INFORMATION:
----
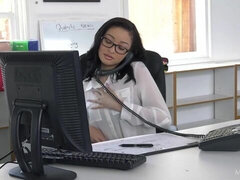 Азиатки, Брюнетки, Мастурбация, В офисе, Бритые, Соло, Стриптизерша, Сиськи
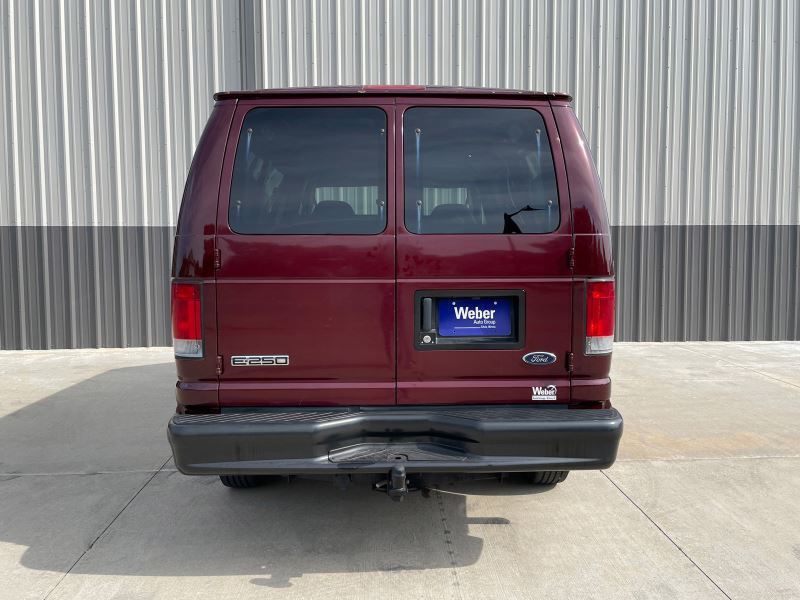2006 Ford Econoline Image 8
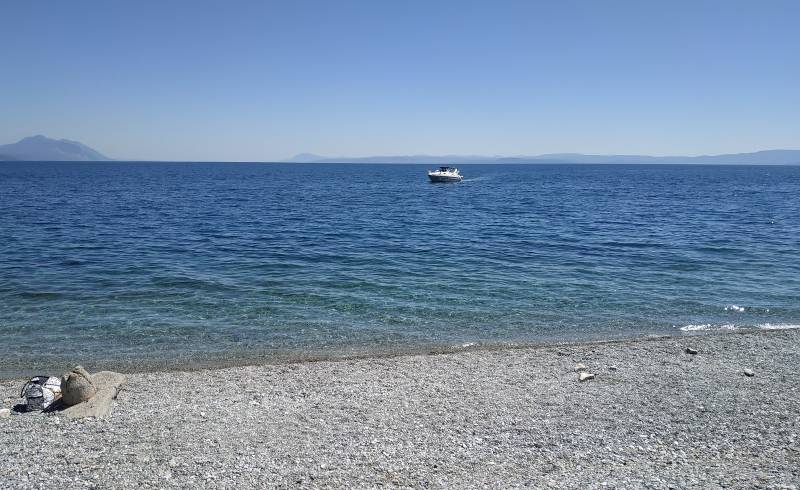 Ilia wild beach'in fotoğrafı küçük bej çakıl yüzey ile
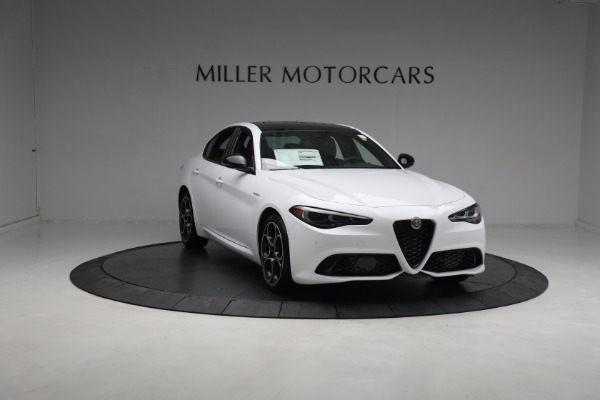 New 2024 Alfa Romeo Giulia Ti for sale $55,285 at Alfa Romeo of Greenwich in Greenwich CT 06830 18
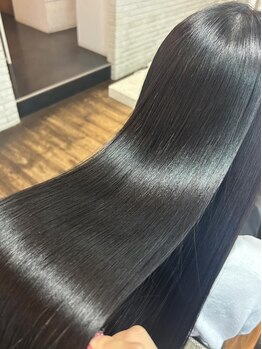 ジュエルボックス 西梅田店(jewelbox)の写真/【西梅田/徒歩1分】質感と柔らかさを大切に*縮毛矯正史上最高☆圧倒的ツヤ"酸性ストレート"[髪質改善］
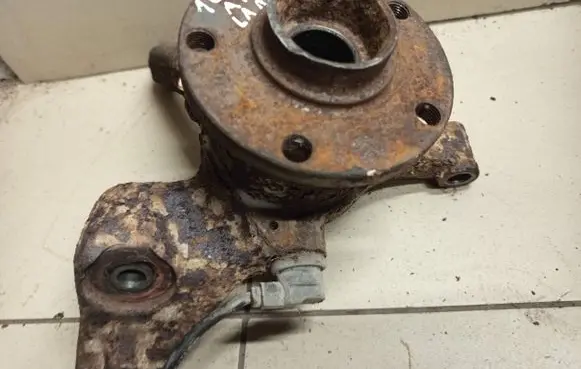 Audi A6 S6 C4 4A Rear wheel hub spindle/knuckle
----
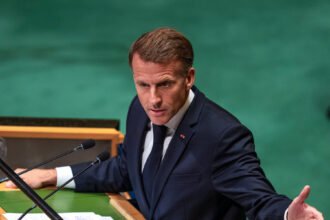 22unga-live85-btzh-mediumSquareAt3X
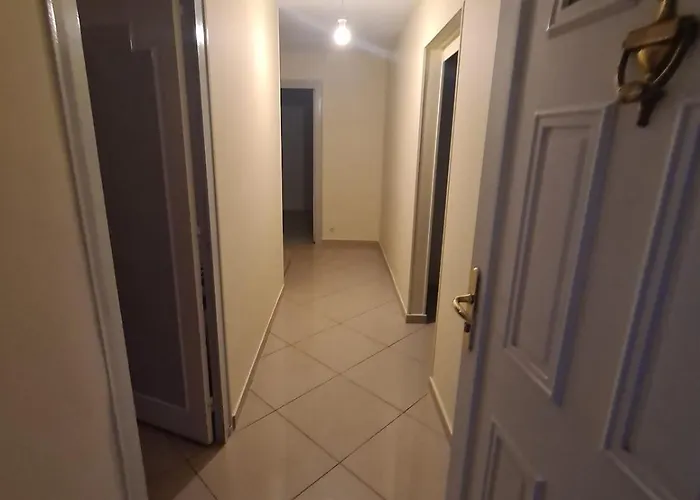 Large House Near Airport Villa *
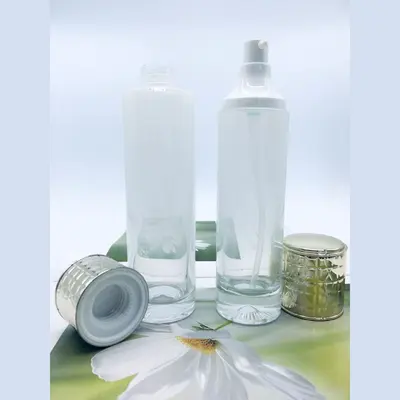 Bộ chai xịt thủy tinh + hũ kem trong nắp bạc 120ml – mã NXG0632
----
WORK INSTRUCTIONS:
Once the line with "Азиатки, Брюнетки, Мастурбация, В" is found above, print it and every line after it through the line with "Audi A6 S6 C4", exactly. Pictures stay out.

WRITTEN SOLUTION:
 Азиатки, Брюнетки, Мастурбация, В офисе, Бритые, Соло, Стриптизерша, Сиськи
2006 Ford Econoline Image 8
 Ilia wild beach'in fotoğrafı küçük bej çakıl yüzey ile
 New 2024 Alfa Romeo Giulia Ti for sale $55,285 at Alfa Romeo of Greenwich in Greenwich CT 06830 18
 ジュエルボックス 西梅田店(jewelbox)の写真/【西梅田/徒歩1分】質感と柔らかさを大切に*縮毛矯正史上最高☆圧倒的ツヤ"酸性ストレート"[髪質改善］
 Audi A6 S6 C4 4A Rear wheel hub spindle/knuckle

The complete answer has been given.